How to complete this task: The expected output is the complete listing, copied word for word.

Records to use:
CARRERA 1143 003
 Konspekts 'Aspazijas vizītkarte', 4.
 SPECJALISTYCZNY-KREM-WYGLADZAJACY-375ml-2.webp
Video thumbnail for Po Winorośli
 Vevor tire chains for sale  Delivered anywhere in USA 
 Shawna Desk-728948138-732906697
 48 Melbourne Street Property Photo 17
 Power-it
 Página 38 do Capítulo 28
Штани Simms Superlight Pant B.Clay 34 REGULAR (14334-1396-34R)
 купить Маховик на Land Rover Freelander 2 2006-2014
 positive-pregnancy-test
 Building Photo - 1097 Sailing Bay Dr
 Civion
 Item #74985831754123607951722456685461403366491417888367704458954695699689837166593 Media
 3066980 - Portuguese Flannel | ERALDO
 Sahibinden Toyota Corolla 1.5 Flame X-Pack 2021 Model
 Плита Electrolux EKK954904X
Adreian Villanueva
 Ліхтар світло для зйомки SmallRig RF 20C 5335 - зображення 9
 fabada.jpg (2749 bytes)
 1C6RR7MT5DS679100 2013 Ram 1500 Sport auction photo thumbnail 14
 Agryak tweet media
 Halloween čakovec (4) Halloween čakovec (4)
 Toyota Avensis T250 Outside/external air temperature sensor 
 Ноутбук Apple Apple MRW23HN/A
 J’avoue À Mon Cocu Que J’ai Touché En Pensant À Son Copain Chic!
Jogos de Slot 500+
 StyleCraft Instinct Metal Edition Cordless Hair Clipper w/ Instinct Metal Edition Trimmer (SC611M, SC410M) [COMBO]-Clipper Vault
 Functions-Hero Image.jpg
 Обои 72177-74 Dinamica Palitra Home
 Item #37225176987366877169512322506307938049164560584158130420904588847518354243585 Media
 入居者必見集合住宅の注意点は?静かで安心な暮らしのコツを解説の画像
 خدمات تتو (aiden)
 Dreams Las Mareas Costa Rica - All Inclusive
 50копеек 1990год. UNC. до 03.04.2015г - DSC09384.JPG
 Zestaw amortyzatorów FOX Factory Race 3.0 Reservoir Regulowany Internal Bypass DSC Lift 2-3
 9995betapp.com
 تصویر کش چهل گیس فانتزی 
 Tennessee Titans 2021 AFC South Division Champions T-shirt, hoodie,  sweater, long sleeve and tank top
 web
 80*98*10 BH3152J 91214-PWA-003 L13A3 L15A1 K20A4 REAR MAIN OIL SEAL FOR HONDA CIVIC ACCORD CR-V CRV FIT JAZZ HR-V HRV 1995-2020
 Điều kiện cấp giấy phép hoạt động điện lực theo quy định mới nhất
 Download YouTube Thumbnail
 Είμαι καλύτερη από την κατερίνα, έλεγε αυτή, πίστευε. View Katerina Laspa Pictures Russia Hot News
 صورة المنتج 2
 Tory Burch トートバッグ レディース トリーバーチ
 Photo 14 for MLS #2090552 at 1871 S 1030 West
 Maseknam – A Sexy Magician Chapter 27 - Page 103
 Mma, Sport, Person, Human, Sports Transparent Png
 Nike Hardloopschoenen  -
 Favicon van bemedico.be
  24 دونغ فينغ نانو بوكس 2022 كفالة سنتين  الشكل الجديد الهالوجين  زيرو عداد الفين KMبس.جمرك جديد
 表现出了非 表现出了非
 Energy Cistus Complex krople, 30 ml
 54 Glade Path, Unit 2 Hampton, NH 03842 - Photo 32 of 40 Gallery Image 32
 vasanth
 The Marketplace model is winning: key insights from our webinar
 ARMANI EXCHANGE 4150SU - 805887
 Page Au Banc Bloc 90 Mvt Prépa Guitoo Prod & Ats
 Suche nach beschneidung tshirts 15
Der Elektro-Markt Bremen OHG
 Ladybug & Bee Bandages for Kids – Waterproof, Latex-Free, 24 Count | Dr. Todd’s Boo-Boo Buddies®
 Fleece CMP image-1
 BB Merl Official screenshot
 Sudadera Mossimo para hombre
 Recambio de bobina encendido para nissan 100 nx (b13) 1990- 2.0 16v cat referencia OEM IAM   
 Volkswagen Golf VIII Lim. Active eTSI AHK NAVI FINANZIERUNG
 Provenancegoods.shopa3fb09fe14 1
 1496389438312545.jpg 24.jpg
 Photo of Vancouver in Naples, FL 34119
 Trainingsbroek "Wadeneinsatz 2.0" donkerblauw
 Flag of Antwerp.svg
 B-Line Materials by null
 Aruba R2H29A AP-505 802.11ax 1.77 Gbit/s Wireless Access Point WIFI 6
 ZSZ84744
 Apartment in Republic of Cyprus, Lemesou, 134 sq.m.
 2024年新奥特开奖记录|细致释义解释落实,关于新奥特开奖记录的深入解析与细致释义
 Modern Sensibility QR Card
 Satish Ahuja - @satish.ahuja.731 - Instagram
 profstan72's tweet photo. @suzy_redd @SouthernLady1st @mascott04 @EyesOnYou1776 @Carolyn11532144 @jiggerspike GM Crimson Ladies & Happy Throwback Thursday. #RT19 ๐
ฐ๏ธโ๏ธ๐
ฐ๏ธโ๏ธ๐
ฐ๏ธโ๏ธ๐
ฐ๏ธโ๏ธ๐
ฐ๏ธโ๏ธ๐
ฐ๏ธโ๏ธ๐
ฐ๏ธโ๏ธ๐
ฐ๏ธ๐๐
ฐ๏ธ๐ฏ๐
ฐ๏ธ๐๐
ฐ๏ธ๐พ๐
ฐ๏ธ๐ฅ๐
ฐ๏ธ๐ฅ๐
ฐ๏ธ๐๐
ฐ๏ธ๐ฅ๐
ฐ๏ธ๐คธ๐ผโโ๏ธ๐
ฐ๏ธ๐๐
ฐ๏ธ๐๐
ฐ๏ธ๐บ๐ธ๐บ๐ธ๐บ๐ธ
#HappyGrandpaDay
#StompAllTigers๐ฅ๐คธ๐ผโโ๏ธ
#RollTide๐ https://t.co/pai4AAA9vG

Solution to the problem:
CARRERA 1143 003
 Konspekts 'Aspazijas vizītkarte', 4.
 SPECJALISTYCZNY-KREM-WYGLADZAJACY-375ml-2.webp
Video thumbnail for Po Winorośli
 Vevor tire chains for sale  Delivered anywhere in USA 
 Shawna Desk-728948138-732906697
 48 Melbourne Street Property Photo 17
 Power-it
 Página 38 do Capítulo 28
Штани Simms Superlight Pant B.Clay 34 REGULAR (14334-1396-34R)
 купить Маховик на Land Rover Freelander 2 2006-2014
 positive-pregnancy-test
 Building Photo - 1097 Sailing Bay Dr
 Civion
 Item #74985831754123607951722456685461403366491417888367704458954695699689837166593 Media
 3066980 - Portuguese Flannel | ERALDO
 Sahibinden Toyota Corolla 1.5 Flame X-Pack 2021 Model
 Плита Electrolux EKK954904X
Adreian Villanueva
 Ліхтар світло для зйомки SmallRig RF 20C 5335 - зображення 9
 fabada.jpg (2749 bytes)
 1C6RR7MT5DS679100 2013 Ram 1500 Sport auction photo thumbnail 14
 Agryak tweet media
 Halloween čakovec (4) Halloween čakovec (4)
 Toyota Avensis T250 Outside/external air temperature sensor 
 Ноутбук Apple Apple MRW23HN/A
 J’avoue À Mon Cocu Que J’ai Touché En Pensant À Son Copain Chic!
Jogos de Slot 500+
 StyleCraft Instinct Metal Edition Cordless Hair Clipper w/ Instinct Metal Edition Trimmer (SC611M, SC410M) [COMBO]-Clipper Vault
 Functions-Hero Image.jpg
 Обои 72177-74 Dinamica Palitra Home
 Item #37225176987366877169512322506307938049164560584158130420904588847518354243585 Media
 入居者必見集合住宅の注意点は?静かで安心な暮らしのコツを解説の画像
 خدمات تتو (aiden)
 Dreams Las Mareas Costa Rica - All Inclusive
 50копеек 1990год. UNC. до 03.04.2015г - DSC09384.JPG
 Zestaw amortyzatorów FOX Factory Race 3.0 Reservoir Regulowany Internal Bypass DSC Lift 2-3
 9995betapp.com
 تصویر کش چهل گیس فانتزی 
 Tennessee Titans 2021 AFC South Division Champions T-shirt, hoodie,  sweater, long sleeve and tank top
 web
 80*98*10 BH3152J 91214-PWA-003 L13A3 L15A1 K20A4 REAR MAIN OIL SEAL FOR HONDA CIVIC ACCORD CR-V CRV FIT JAZZ HR-V HRV 1995-2020
 Điều kiện cấp giấy phép hoạt động điện lực theo quy định mới nhất
 Download YouTube Thumbnail
 Είμαι καλύτερη από την κατερίνα, έλεγε αυτή, πίστευε. View Katerina Laspa Pictures Russia Hot News
 صورة المنتج 2
 Tory Burch トートバッグ レディース トリーバーチ
 Photo 14 for MLS #2090552 at 1871 S 1030 West
 Maseknam – A Sexy Magician Chapter 27 - Page 103
 Mma, Sport, Person, Human, Sports Transparent Png
 Nike Hardloopschoenen  -
 Favicon van bemedico.be
  24 دونغ فينغ نانو بوكس 2022 كفالة سنتين  الشكل الجديد الهالوجين  زيرو عداد الفين KMبس.جمرك جديد
 表现出了非 表现出了非
 Energy Cistus Complex krople, 30 ml
 54 Glade Path, Unit 2 Hampton, NH 03842 - Photo 32 of 40 Gallery Image 32
 vasanth
 The Marketplace model is winning: key insights from our webinar
 ARMANI EXCHANGE 4150SU - 805887
 Page Au Banc Bloc 90 Mvt Prépa Guitoo Prod & Ats
 Suche nach beschneidung tshirts 15
Der Elektro-Markt Bremen OHG
 Ladybug & Bee Bandages for Kids – Waterproof, Latex-Free, 24 Count | Dr. Todd’s Boo-Boo Buddies®
 Fleece CMP image-1
 BB Merl Official screenshot
 Sudadera Mossimo para hombre
 Recambio de bobina encendido para nissan 100 nx (b13) 1990- 2.0 16v cat referencia OEM IAM   
 Volkswagen Golf VIII Lim. Active eTSI AHK NAVI FINANZIERUNG
 Provenancegoods.shopa3fb09fe14 1
 1496389438312545.jpg 24.jpg
 Photo of Vancouver in Naples, FL 34119
 Trainingsbroek "Wadeneinsatz 2.0" donkerblauw
 Flag of Antwerp.svg
 B-Line Materials by null
 Aruba R2H29A AP-505 802.11ax 1.77 Gbit/s Wireless Access Point WIFI 6
 ZSZ84744
 Apartment in Republic of Cyprus, Lemesou, 134 sq.m.
 2024年新奥特开奖记录|细致释义解释落实,关于新奥特开奖记录的深入解析与细致释义
 Modern Sensibility QR Card
 Satish Ahuja - @satish.ahuja.731 - Instagram
 profstan72's tweet photo. @suzy_redd @SouthernLady1st @mascott04 @EyesOnYou1776 @Carolyn11532144 @jiggerspike GM Crimson Ladies & Happy Throwback Thursday. #RT19 ๐
ฐ๏ธโ๏ธ๐
ฐ๏ธโ๏ธ๐
ฐ๏ธโ๏ธ๐
ฐ๏ธโ๏ธ๐
ฐ๏ธโ๏ธ๐
ฐ๏ธโ๏ธ๐
ฐ๏ธโ๏ธ๐
ฐ๏ธ๐๐
ฐ๏ธ๐ฏ๐
ฐ๏ธ๐๐
ฐ๏ธ๐พ๐
ฐ๏ธ๐ฅ๐
ฐ๏ธ๐ฅ๐
ฐ๏ธ๐๐
ฐ๏ธ๐ฅ๐
ฐ๏ธ๐คธ๐ผโโ๏ธ๐
ฐ๏ธ๐๐
ฐ๏ธ๐๐
ฐ๏ธ๐บ๐ธ๐บ๐ธ๐บ๐ธ
#HappyGrandpaDay
#StompAllTigers๐ฅ๐คธ๐ผโโ๏ธ
#RollTide๐ https://t.co/pai4AAA9vG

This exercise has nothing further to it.